Vanderbilt Law Review

First Page



On December 3, 1967, the first human heart transplant was performed by Dr. Christian Barnard in Capetown, South Africa.' Although the achievement received a great deal of attention, it is clear that its principal import is in the perfection of new surgical techniques, rather than in conceptual innovation. Organ transplants have been performed for many years, from the simplest, a blood transfusion,to more complex and hazardous therapeutics, such as skin grafts and kidney transplants. Anatomically, the heart is no more important or necessary an organ than the kidney or the liver, but common subjective notions of the heart's central function have led to greater fanfare over the recent spate of heart transplants following Dr. Barnard's feat than has met earlier surgical firsts.

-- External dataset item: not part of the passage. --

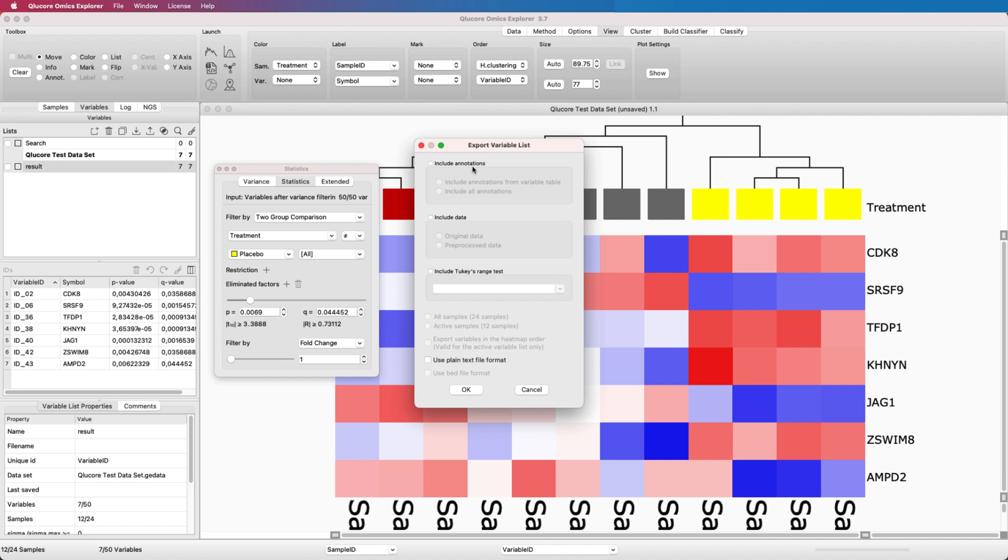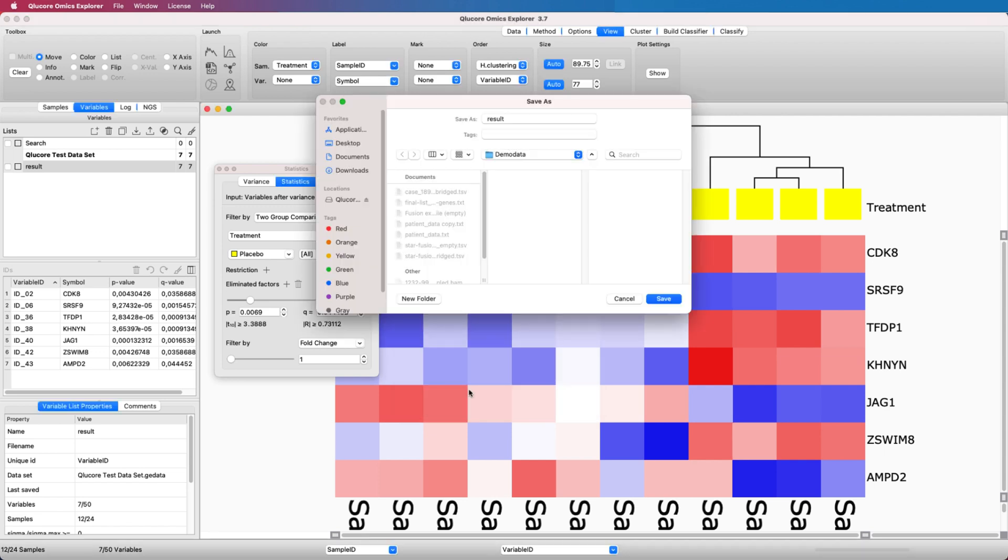When you export the list, you have several options. The default format includes information of when the list was created and also what types of statistical tests were active. If you plan to use the file for downstream analysis, use the plain text setting to get a file that is easier to import.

Underlining the legal and ethical problems in any transplant situation, however, is the fact that the heart, to a greater degree than any other organ so far transplanted, must be removed from the donor within a few minutes after death; and unlike the effect upon the recipient of a blood transfusion, removal of the transplant recipient's damaged heart ensures his death if the operation is unsuccessful. The legal and ethical problems are evident. Given the fame which follows this untried form of therapy, a doctor may be accused of" experimenting" on a patient. Further, since the donated heart must be "alive" at the time of the transplant, the question may arise as to when the donor is sufficiently "dead" to allow removal of the organ. Finally, given the disparity between supply and demand, when a heart does become available, the question arises as to which of the demanding patients is to receive it.